Gérard Larcher copilotera-t-il le volet emploi du « plan de cohésion sociale » annoncé par Jean-Louis Borloo ? Les orientations du projet de loi initial de mobilisation pour l'emploi, qui devait s'inspirer des propositions des rapports de Virville et Marimbert sur la réforme du code du travail et du service public de l'emploi, seront-elles maintenues ? Le Premier ministre a bien rappelé son intention de moderniser le service public de l'emploi, « afin d'accompagner d'une manière personnalisée les demandes d'emploi », mais a éludé la question du contrôle des chômeurs. Le projet devait aussi intégrer celle des restructurations (la prévention des licenciements et le droit au reclassement), sur la base du résultat des négociations que les partenaires sociaux devaient conduire jusqu'au 8 avril. Si ces derniers parviennent à un accord sans que le gouvernement ait à trancher, il aura force de loi, a indiqué Jean-Pierre Raffarin lors de son discours de politique générale. Celui-ci a par ailleurs précisé qu'il fallait « lever les contraintes qui pèsent sur les entreprises et freinent leurs projets d'embauche ».
Le benjamin du gouvernement (35 ans), juriste d'entreprise, était député (UMP) de Meurthe-et-Moselle depuis 2002, adjoint au maire de Nancy. Le nouveau secrétaire d'Etat a d'ores et déjà déclaré vouloir faire en sorte que le « dossier de l'insertion des jeunes colle plus aux réalités du terrain ». Il est déjà connu par les réseaux locaux d'insertion pour s'être impliqué dans ce domaine.
Le gouvernement a voulu montrer sa détermination à agir pour l'insertion des jeunes en créant ce secrétariat d'Etat, alors qu'il avait supprimé la délégation interministérielle à l'insertion professionnelle et sociale des jeunes en décembre 2002. Objectif affiché : prolonger la loi sur la formation professionnelle en « créant un droit à la deuxième chance pour ceux sortis prématurément et sans qualification du système scolaire », selon Jean- Pierre Raffarin.
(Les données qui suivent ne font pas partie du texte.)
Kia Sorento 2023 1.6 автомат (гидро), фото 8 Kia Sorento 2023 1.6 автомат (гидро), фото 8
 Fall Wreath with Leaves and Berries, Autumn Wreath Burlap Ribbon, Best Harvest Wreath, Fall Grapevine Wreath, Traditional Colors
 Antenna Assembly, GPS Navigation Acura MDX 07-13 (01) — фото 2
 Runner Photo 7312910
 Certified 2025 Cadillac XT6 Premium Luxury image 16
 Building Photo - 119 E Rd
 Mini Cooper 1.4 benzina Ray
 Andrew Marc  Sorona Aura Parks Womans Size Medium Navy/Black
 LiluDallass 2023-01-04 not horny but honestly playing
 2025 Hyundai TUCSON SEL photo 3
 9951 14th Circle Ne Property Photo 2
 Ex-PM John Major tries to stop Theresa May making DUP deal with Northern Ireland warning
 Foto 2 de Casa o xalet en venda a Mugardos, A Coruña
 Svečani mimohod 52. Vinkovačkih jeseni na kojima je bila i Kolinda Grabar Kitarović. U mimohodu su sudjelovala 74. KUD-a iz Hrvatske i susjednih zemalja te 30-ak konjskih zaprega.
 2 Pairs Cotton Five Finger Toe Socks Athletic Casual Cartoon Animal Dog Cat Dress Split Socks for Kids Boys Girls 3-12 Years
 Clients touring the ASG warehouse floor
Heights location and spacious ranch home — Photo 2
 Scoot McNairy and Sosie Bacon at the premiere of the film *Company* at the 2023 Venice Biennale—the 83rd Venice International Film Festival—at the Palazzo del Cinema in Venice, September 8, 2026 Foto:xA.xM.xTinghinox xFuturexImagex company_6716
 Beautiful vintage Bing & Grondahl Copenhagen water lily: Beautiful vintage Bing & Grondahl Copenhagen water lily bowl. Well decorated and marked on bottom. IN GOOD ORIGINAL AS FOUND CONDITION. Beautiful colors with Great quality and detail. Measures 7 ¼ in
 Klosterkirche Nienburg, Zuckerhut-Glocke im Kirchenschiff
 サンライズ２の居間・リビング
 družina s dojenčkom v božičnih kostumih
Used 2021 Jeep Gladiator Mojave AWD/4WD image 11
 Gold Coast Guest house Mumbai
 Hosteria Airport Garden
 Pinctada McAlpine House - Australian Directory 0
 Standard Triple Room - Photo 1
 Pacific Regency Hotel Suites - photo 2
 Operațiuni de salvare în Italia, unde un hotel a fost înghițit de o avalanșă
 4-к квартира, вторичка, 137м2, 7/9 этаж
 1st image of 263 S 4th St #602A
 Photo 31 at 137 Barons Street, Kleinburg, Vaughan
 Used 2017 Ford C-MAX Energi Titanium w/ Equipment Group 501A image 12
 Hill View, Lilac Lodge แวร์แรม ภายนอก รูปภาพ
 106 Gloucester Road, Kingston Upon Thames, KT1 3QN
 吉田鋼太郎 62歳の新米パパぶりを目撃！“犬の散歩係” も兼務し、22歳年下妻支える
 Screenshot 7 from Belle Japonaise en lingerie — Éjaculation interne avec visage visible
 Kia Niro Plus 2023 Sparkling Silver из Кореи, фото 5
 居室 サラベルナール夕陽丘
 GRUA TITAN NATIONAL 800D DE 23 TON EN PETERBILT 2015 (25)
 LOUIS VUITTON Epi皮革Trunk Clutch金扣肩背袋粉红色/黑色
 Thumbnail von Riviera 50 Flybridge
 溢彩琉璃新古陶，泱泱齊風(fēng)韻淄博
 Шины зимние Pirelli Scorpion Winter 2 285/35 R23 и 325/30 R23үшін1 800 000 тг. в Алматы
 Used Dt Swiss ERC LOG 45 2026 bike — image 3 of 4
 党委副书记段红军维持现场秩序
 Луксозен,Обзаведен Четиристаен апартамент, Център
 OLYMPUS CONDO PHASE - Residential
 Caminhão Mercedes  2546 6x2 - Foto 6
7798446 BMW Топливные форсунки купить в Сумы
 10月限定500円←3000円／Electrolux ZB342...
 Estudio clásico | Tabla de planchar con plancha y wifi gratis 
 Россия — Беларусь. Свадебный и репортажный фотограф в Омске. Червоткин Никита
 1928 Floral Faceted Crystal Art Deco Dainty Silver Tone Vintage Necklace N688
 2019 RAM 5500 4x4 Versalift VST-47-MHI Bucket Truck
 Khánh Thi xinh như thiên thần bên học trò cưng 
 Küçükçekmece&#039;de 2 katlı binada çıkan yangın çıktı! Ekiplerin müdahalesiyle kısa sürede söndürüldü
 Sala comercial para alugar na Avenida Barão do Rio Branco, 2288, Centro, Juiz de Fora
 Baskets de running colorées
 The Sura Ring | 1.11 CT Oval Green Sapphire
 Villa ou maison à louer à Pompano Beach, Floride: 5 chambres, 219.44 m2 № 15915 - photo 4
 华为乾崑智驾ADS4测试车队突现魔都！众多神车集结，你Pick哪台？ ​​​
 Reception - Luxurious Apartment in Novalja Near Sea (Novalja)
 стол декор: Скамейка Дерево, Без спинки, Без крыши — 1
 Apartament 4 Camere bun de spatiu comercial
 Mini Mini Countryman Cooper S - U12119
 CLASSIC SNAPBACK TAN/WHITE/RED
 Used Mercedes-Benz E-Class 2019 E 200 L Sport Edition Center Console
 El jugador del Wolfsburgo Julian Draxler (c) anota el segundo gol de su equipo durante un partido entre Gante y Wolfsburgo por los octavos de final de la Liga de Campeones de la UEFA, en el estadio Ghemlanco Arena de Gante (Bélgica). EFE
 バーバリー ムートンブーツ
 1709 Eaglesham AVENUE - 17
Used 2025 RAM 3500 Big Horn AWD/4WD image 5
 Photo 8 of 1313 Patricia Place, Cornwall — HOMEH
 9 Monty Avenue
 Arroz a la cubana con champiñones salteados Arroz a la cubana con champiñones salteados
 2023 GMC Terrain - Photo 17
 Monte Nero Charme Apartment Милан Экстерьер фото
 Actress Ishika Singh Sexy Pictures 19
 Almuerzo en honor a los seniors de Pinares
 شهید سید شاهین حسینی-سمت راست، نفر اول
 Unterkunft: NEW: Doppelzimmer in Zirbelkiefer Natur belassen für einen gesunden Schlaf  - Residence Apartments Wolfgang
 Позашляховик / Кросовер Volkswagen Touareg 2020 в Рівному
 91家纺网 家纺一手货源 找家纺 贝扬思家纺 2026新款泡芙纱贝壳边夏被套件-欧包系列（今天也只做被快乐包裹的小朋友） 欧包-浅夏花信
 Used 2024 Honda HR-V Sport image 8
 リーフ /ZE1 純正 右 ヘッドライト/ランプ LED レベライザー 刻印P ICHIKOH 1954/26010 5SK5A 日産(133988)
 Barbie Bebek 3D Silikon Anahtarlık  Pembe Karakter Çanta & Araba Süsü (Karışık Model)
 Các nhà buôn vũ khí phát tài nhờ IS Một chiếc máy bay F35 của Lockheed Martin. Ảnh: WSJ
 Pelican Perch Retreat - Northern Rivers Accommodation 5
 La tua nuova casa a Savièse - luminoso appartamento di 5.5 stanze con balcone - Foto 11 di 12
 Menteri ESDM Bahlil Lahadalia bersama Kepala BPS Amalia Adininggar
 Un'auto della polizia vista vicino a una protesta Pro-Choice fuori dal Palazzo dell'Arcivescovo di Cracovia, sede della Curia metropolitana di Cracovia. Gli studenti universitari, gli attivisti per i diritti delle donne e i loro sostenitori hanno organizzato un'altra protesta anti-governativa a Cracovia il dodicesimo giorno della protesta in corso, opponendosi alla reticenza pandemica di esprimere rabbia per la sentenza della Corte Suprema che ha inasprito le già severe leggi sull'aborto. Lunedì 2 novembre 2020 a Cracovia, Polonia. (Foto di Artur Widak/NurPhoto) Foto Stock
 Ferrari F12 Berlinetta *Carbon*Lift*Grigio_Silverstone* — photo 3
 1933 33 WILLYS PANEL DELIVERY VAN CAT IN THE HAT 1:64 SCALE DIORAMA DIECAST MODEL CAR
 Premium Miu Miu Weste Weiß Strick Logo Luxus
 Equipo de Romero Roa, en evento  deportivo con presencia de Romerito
François Fillon avait annoncé que, chaque année, l'Etat offrirait à 100 000 jeunes sans qualification la possibilité de suivre une formation ciblée aux métiers en mal de main-d'œuvre.
Laurent Hénart a, le 6 avril à l'Assemblée nationale, confirmé trois axes de travail : « faire en sorte que tous les acteurs du service public de l'emploi se mobilisent pour réorienter les jeunes chômeurs vers les secteurs qui souffrent d'une pénurie de main-d'œuvre » ; mettre en œuvre le contrat de professionnalisation et développer le dispositif des contrats jeunes en entreprise. « Nous allons redoubler d'énergie sur cette question avec un grand chantier qui s'ouvre devant nous, celui de la nouvelle chance offerte aux 60 000 jeunes qui sortent chaque année de notre système éducatif sans qualification », a-t-il ajouté.
Député (UDF, puis UMP) du Nord, maire de Lambersart depuis 1988 et vice-président de la communauté urbaine de Lille, Marc-Philippe Daubresse est l'auteur de plusieurs rapports sur le logement à l'Assemblée nationale. Le secrétaire d'Etat, âgé de 50 ans, présidait le Conseil national de l'habitat depuis deux ans et s'y est forgé une image d'homme à la fibre sociale. Rapporteur à l'Assemblée nationale du projet de loi sur la décentralisation, il a porté une oreille attentive aux demandes des associations, comme l'Uniopss, dont il a repris certains amendements.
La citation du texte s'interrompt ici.